Non, ce n’est pas rien. Il ne devrait pas avoir à subir ça, encore moins toutes les deux nuits. À chaque fois, je me jure que ce sera la dernière et pourtant, ça recommence. Je m’en veux de lui infliger ça. De le réveiller ainsi, dans ma peur.
— Tu veux me raconter ?
Je détourne les yeux. Je n’ai pas envie d’y retourner. Revivre la scène, entendre ce rire, sentir cette main, cette sangle autour de mon cou… Mais le plus difficile, ce n’est pas le souvenir. C’est le regard d’Adrian, celui qu’il pose sur moi quand je me ferme. Ce mélange d’impuissance et de déception. Comme les autres fois.
Alors j’acquiesce.
— Bouge pas, dit-il en s'élançant vers le séjour.
Il revient quelques instants plus tard, avec une tasse de thé fumante que je saisis en le remerciant. Je jette un coup d'œil au réveil sur le côté, il est trois heures du matin.
Je prends une profonde inspiration, et rassemble mes pensées. Adrian, accroupi devant moi, m’observe. Il n’y a aucune impatience dans son regard, pas de curiosité malsaine. Juste une inquiétude légitime. Une nuit sur trois, je me réveille hantée par mes démons et le prenant pour cible. Je pose la tasse sur la table basse et fixe mes mains vide, comme si elles détenaient les réponses, ou la solution à mes problèmes. Mais aucune ligne dans ma paume ne semble vouloir dire quoi que ce soit.
— Quand je ferme les yeux, je revis…
Je marque une pause, la gorge sèche, avant de m’éclaircir la voix.
— Je revis certains moments de mon passé. Certaines scènes en particulier. Je me revois…
Je prends une profonde inspiration.
— Je me revois…
Sa main se pose doucement sur mon menton, m’obligeant à redresser la tête. Ses yeux accrochent les miens. Son visage reste impassible, mais dans son regard brille quelque chose d’indéchiffrable. Est-ce de la colère ?
— Tu n’es pas obligée de me raconter, tu le sais, n’est-ce pas ?
Sa voix est douce, apaisante, mais je perçois une tension, une petite sécheresse qui n’a rien à voir avec moi. Une colère qu’il dirige ailleurs, peut-être contre...
— Ton passé t’appartient. Et si tu ressens le moindre malaise, tu n’as pas à le partager.
Je déglutis, à moitié soulagée. Pourtant, quelque chose en moi refuse le répit. Un étau me serre la poitrine, m’écrase. Il faut que ça sorte.
— Je me sens tellement sale, parfois.
Ma voix se brise sur la fin. Et les larmes reviennent, brûlantes et incontrôlables.

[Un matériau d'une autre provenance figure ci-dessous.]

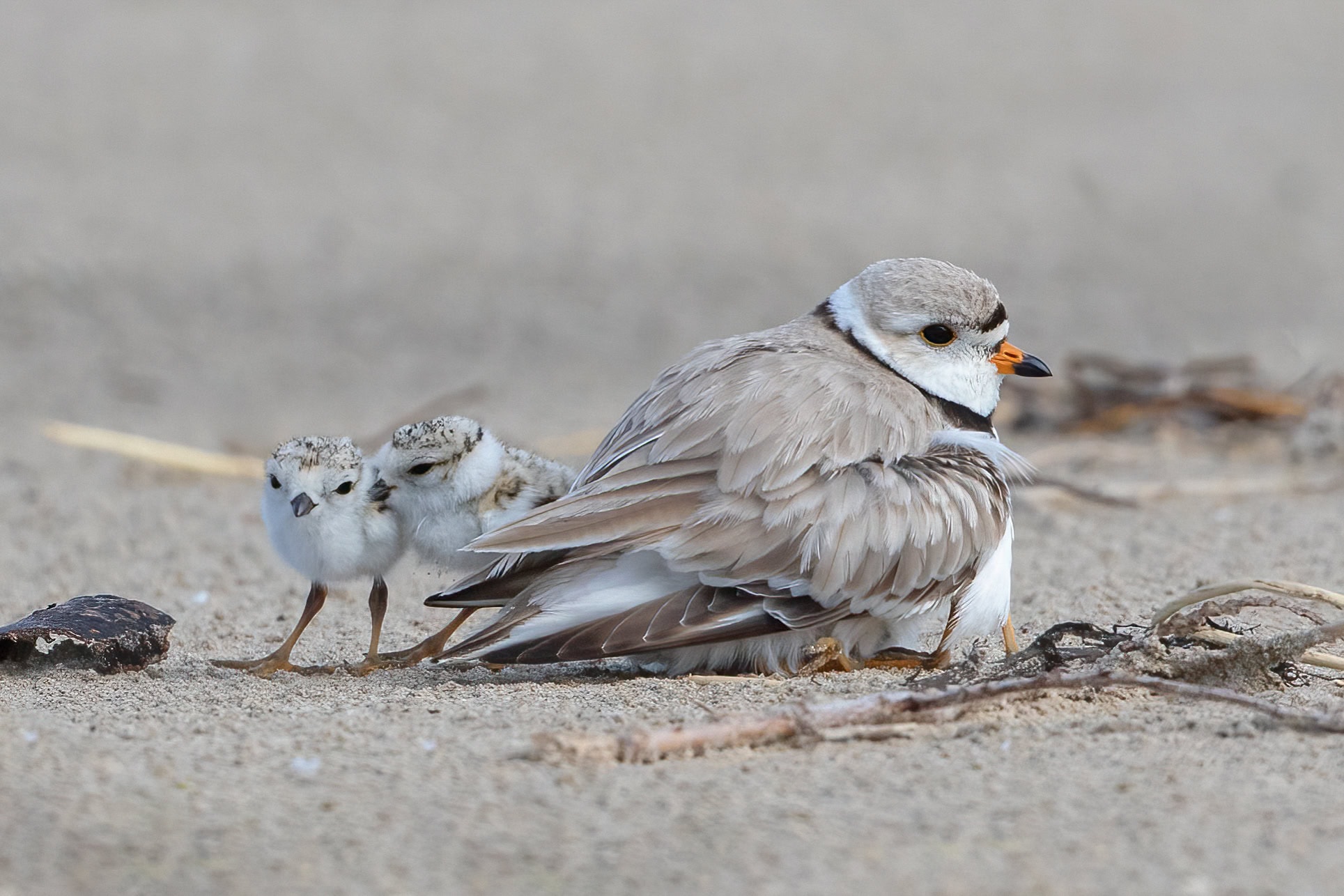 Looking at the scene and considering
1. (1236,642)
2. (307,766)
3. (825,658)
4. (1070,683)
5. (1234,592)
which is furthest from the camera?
(825,658)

— J’ai l’impression d’être une coquille vide. Je ne suis qu’un outil. Chaque matin, se réveiller et faire semblant que tout va bien, faire comme si tout était normal… comme si cet endroit et tout ce qui s’y passe, tout ce que nous faisons, était normal… C’est tellement dur. Et… je suis si épuisée…
Le lit s’affaisse, d’un côté et je me retrouve dans les bras d’Adrian. Il me serre fort, je me laisse aller, déversant sur son épaule tout mon désespoir. J’aime qu’il ne tente pas de me rassurer avec de belles paroles, comme tout ira bien. Parce que nous savons tous les deux que c’est faux.

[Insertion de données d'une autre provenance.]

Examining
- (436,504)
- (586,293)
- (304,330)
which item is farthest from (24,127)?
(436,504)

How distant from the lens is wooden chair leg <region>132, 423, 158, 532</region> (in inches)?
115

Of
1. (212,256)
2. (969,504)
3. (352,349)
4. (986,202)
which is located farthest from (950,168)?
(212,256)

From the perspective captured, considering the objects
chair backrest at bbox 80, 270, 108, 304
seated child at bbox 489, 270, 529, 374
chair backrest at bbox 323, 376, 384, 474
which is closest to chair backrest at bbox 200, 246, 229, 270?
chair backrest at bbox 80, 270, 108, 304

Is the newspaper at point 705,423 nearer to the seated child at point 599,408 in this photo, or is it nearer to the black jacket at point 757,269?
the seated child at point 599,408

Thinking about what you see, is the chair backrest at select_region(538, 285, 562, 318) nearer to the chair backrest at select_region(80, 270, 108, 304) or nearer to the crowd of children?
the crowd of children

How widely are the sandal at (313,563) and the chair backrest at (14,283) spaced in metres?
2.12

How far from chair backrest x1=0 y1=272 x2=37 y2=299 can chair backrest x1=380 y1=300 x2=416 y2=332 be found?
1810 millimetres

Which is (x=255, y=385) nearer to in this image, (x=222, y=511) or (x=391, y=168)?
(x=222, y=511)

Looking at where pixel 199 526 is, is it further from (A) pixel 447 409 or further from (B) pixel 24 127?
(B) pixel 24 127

Chaque jour, nous avons le choix entre dévorer ou être dévoré. Une bataille constante, et je commence à manquer de force.
— Tu comprends, n’est-ce pas ? dis-je soudain, affolée, me détachant légèrement de lui.
— Tu comprends pourquoi je n’arrive pas… pourquoi toi et moi, nous…
Je m’arrête, incapable de continuer. Les mots restent bloqués dans ma gorge, une peur soudaine m’envahit à l’idée qu’il ne comprenne pas. Mes yeux cherchent les siens, à la recherche d’un signe. Un signe qu’il ressent ce que je n’arrive pas à exprimer.
Il me fixe, attentif à chacun de mes gestes. Son regard est profond, presque hypnotique. Puis, doucement, il rapproche nos visages. Un sourire sans joie se dessine sur ses lèvres.
— Oui, Catelyn, je comprends. Je le… sens, quand je te touche.
À ces mots, tout le poids qui m’écrasait se dissout. Mes épaules tombent, mes mains se relâchent. Il glisse une mèche de cheveux derrière mon oreille, ses doigts effleurant ma peau comme une promesse silencieuse.
— Tu as traversé tellement de choses, dit-il dans un souffle. À sa manière, ton corps te protège. Tu n’as pas à t’en faire pour moi. On va y arriver, ensemble. Je suis là. Je ne compte aller nulle part.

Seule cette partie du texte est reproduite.